コンピテンシーという概念

 今回の学習指導要領では、「資質・能力」という言葉が初めて用いられ、各教科で養うべき3つの柱として、「知識・技能」、「思考力・判断力・表現力等」、「学びに向かう人間性・態度」が示されている。この「資質・能力」に当たる考え方は、国際的にはコンピテンシーにあたるものである。そもそも、コンピテンシーとは、もとはcompetentに由来するものであり、「能力がある」といった状態をあらわす英語がもとであった。アメリカの心理学者マクレランドが、アメリカの国務省の職員の筆記テストの結果と職務上の成功とが一致しなかったため、その原因を分析したところから、ペーパー試験では測りきれない人間の能力としてのコンピテンシーに関する議論が始まったとされている。

 ただし、1990年代においては、コンピテンシーに関する定義は異なっているのが実情であった。そのため、概念整理が必要であることから、1997年にOECDによるDeSeCoプロジェクトが発足した。このプロジェクトでは、コンピテンシーの中でも、特にキー(鍵)となるコンピテンシーであるコンピテンシーの中でもキー(鍵)となるものを抽出する必要があった。なぜなら、コンピテンシーは、ある文脈では重要でも、他の文脈ではそれほど重要でもないことがある相対的な概念だからである。各分野からの研究者による概念の検討や修正が行われ最終的にまとめられたキー・コンピテンシーが、「自律的行動する力」、「異質な人々から構成される集団で相互にかかわり合う力」「道具を相互作用的に用いる知力」の三つであった。

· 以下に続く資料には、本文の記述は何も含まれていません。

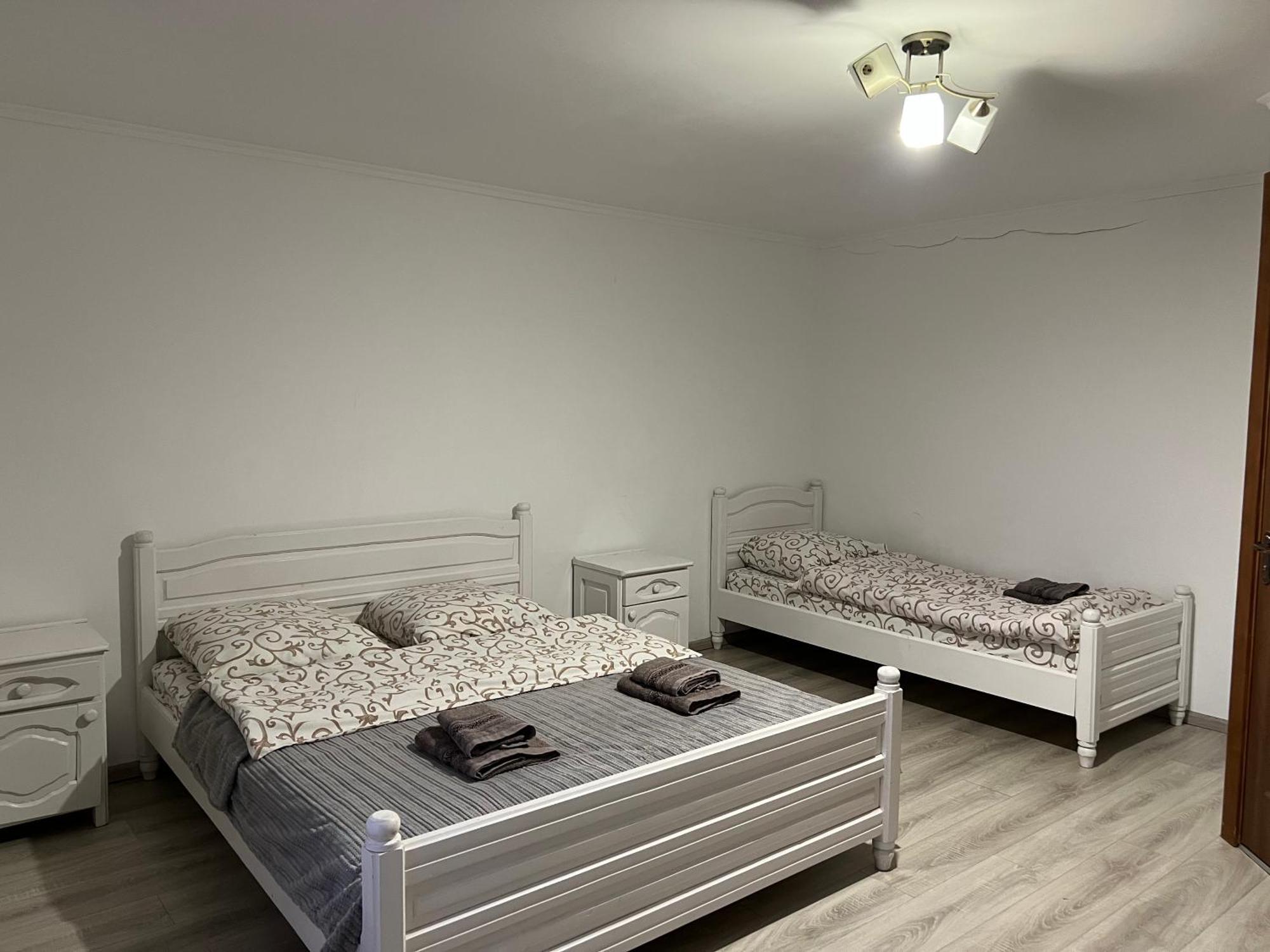 Bed and Breakfast Harmony Laseschtschyna Exterior foto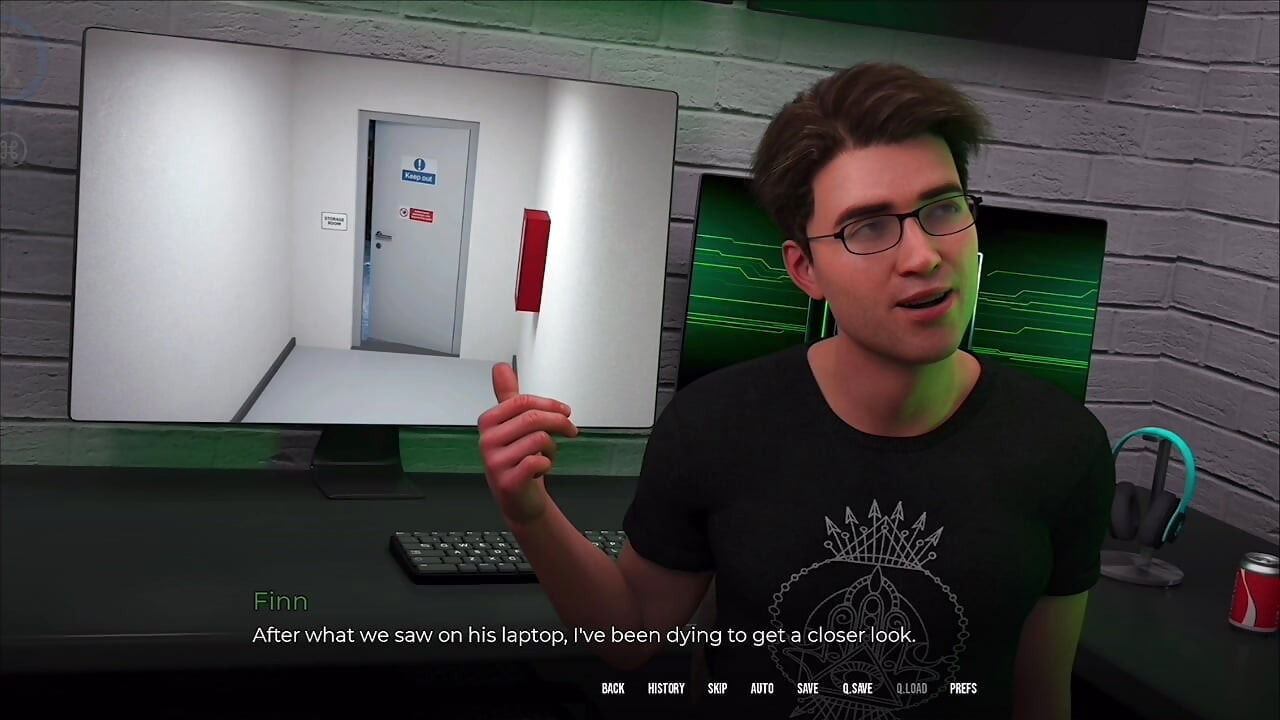 In Security - Chapter 5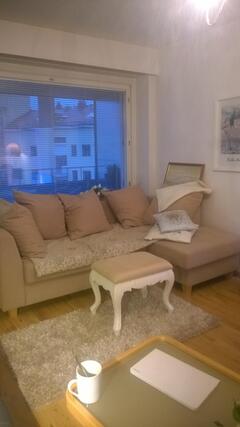 Rental Rovaniemi Keskusta 3 rooms oh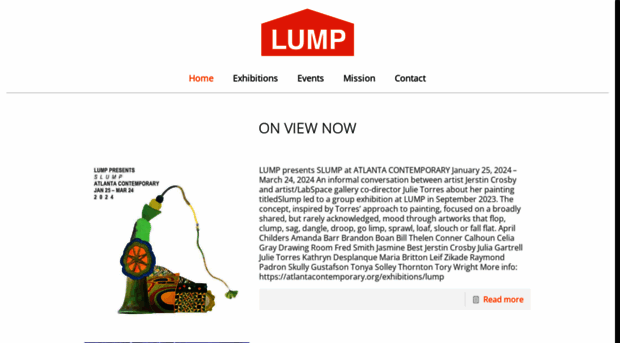 lumpprojects.org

 ただし、前述したように、どのようなコンピテンシーがキー(鍵)となるかは、社会状況によって異なるため、今後を生きる人々に必要なコンピテンシーを特定する必要がある。そこで、2015年には、DeSeCoプロジェクトによって特定されたキー・コンピテンシーをアップデートすることを目的の一つとして、Education2030プロジェクトが発足した。このプロジェクトでは、DeSeCoプロジェクトの成果に立脚しつつ、OECDが研究してきたウェルビーイングの研究成果を踏まえて、2030年という時代に必要とされるであろうキー・コンピテンシーが示すことであった。このプロジェクトにおいては、キーコンピテンシーとされたのが「変革をもたらすコンピテンシー」であった。